Set down the lines below, exactly, starting at the one that contains "Six Colorful Floral" and stopping at the last line, inclusive. Omit pictures.

### DATASET EXTRACT ###

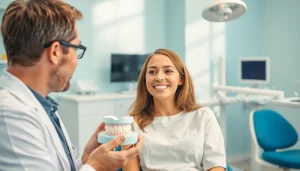 Oh my teeth 口コミ showcased in a modern dental clinic with a friendly dentist.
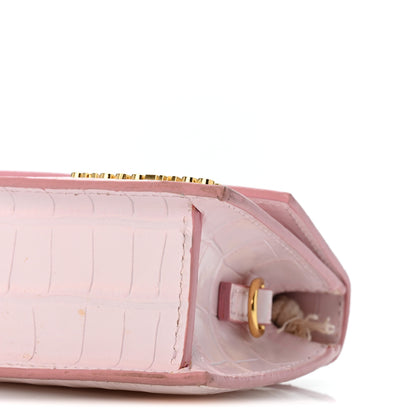 Jacquemus Calfskin Crocodile Embossed Le Chiquito Long Pale Pink 9 of 11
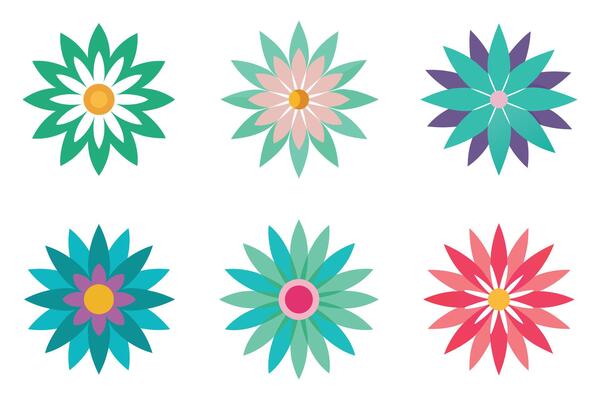 Six Colorful Floral Icons Against a White Background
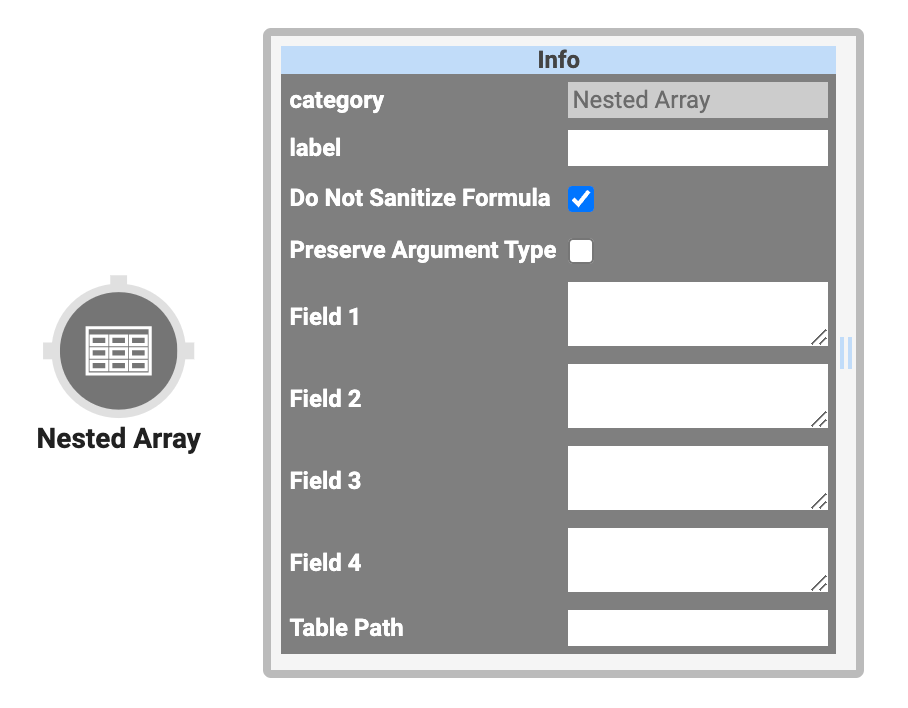 A static image displaying the Nested Array operator and its Settings Info window.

###

[FINAL ANSWER]
 Six Colorful Floral Icons Against a White Background
 A static image displaying the Nested Array operator and its Settings Info window.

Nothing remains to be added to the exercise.